Elizabeth Fay Brigham Professor of Medicine, Harvard Medical School
Director of the Human Immunology Center at Brigham and Women's Hospital
Michael Brenner is the E.F. Brigham Professor of Medicine at Harvard Medical School and Director of the Human Immunology Center at BWH. He is a member of the National Academy of Sciences, USA, Fellow of the American Academy of Microbiology and the Fellow of the American Association for the Advancement of Science. In 2023 he was designated "Highly Cited Researchers" by Clarivate (top 1% of scientists by citation). He received the Lee C. Howley Prize for Research in Arthritis (Arthritis Foundation), the Distinguished Basic Investigator Award (ACR) and the Carol-Nachman Prize in Rheumatology. He served as chair and co-chair of the Accelerating Medicines Partnership RA/SLE consortium for 6 years and now serves as co-principal investigator of the new AMP-AIM consortium technology core. These studies are carrying out single cell and spatial transcriptomic deconstruction of RA, SLE, psoriasis and PsA and Sjogren’s syndrome.
Brenner's translational research accomplishments in RA include defining: 1) mechanisms of fibroblasts mediated joint inflammation and damage, 2) mechanisms of fibroblast activation, 3) role of cadherins and NOTCH signaling in fibroblast mediated pathology. He discovered new lymphocyte populations including 4) T peripheral helper T (Tph) cells that that drive B cell differentiation and antibody production and 5) Granzyme K CD8 T cells that are the dominant CD8 T cell phenotype in many chronically inflamed autoimmune tissue and drive complement activation.

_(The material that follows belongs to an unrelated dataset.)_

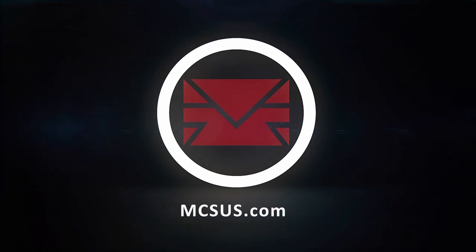All right, guys — any questions or concerns about the new holster, visit the website, mcsus.com, and we'll get you good support. Thanks for watching. This is Modern Combat Sports.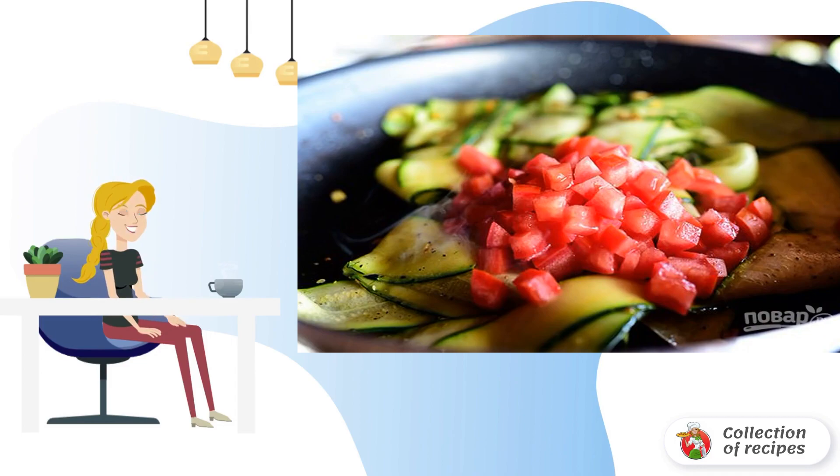Step 4: Meanwhile, cut the tomatoes into cubes and send them to the zucchini slices.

Brenner's basic biology accomplishments include discovery of 1) γδ T cells, 2) the system of lipid antigen presentation mediated by CD1 molecules that bind and present lipid antigens for recognition by T cell receptors, 3) roles of CD1-restricted T cells in host defense and adipose tissue inflammation, metabolism and thermogenesis, 4) role of the αEβ7 integrin in mucosal leukocyte trafficking, 5) role of the molecular chaperone role of IP90 (calnexin) in TCR and MHC protein complex assembly, and 6) role of small GTPase Arl proteins in endocytic trafficking and antigen presentation.
We have implemented a disease deconstruction pipeline using single cell and spatial technologies applied to inflamed tissues in humans to discover new cell types, cell states and pathways that mediate autoimmune disease. We then use in vitro organoids, other reductionist approaches, and mouse models to define mechanisms and therapeutic insights for the new pathways and cell states. By shifting between humans and mice, our studies unravel the most relevant autoimmune and inflammatory abnormalities in vivo and then interrogate them in experimental systems. Over the past few years, we have identified new pathogenic T cell populations, macrophage states, and stromal cell subsets that drive pathology in autoimmune disease. Recently, we identified a new pathway of complement activation. These examples are described in the Research Focus section.